わかりやすいところでいえば、政治家の問題発言だ。「その言い方はいかがなものか」という程度のものから、明らかな差別的言動まで、問題発言とされるものの幅は広い。政治家以外であっても、公職にある人、芸能人や企業経営者をはじめとした社会的に影響力のおおきい人などもまた、しばしばソーシャルメディア上の「問題発言」が槍玉に挙げられ、大炎上を招いたりする。

発言主の多くは、おそらくわかっている。自分の物言いが毒や刺激を含んでいることは、うっすら自覚できている。それでも、そうした毒や刺激こそが「率直なわたし」のあらわれであり、場合によってはこれこそがユーモアなのだと考えている。そして「この流れだったら」「この場だったら」「この面子だったら」それが許され、むしろウケると考えている。

もちろん現実世界はそんな甘い場所ではなく、これだけ相互監視装置としてのソーシャルメディアが行き渡った昨今、もはや「ここだけの話」などありえない。それはメッセンジャーアプリのやりとりであっても、クローズドな会合であっても、極端な話仲間内での飲み会であっても。

なので最近、とくにデジタルネイティブ世代の人たちを見ていると「言ったもん勝ち」ならぬ、「言ったもん負け」とでも呼ぶべき風潮を感じる。匿名で登録したソーシャルメディアならともかく、実名においては「言ったもん負け」。生まれついての自衛策として、「言わない」を選んでいる。
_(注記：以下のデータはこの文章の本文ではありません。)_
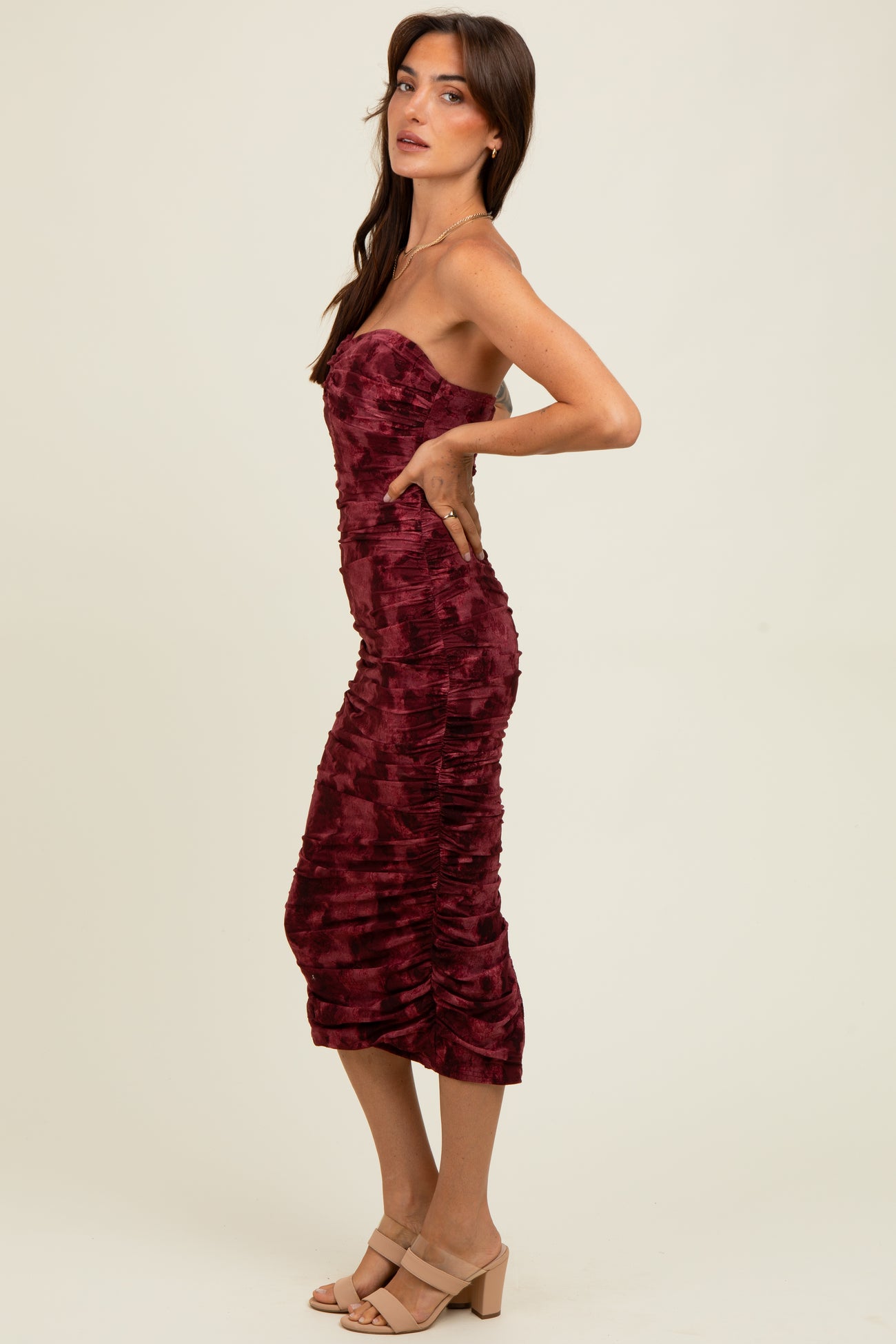 woman wearing a burgundy strapless midi dress with ruched detailing and a fitted silhouette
たしかにぼくもソーシャルメディア上では——諸々の面倒を避けるため——余計なことを言わないようになってきた。みずからにそれを課しているというよりも、自然とそうなってきた。そして明らかな「余計なこと」を言ってトラブルに巻き込まれている人を見ると、シンプルに「そんな余計なこと、言わなきゃいいのに」と思ってしまう。

でも、でも、でもでもでも。

おそらく表現とは、そしておもしろさとは、「わざわざ言わなくてもいい、余計なこと」の先にあるものなのだ。ただでさえおもしろみの少ない自分が今後、正しいこと、意味のあること、社会に有用なこと、教訓めいたことしか言えなくなってしまったら、いよいよつまらない人間になるだろう。

「言ったもん負け」の時代に必要なのは、雑談だ。何時間と止まることのない雑談としての雑談に、ぼくは飢えているのだ。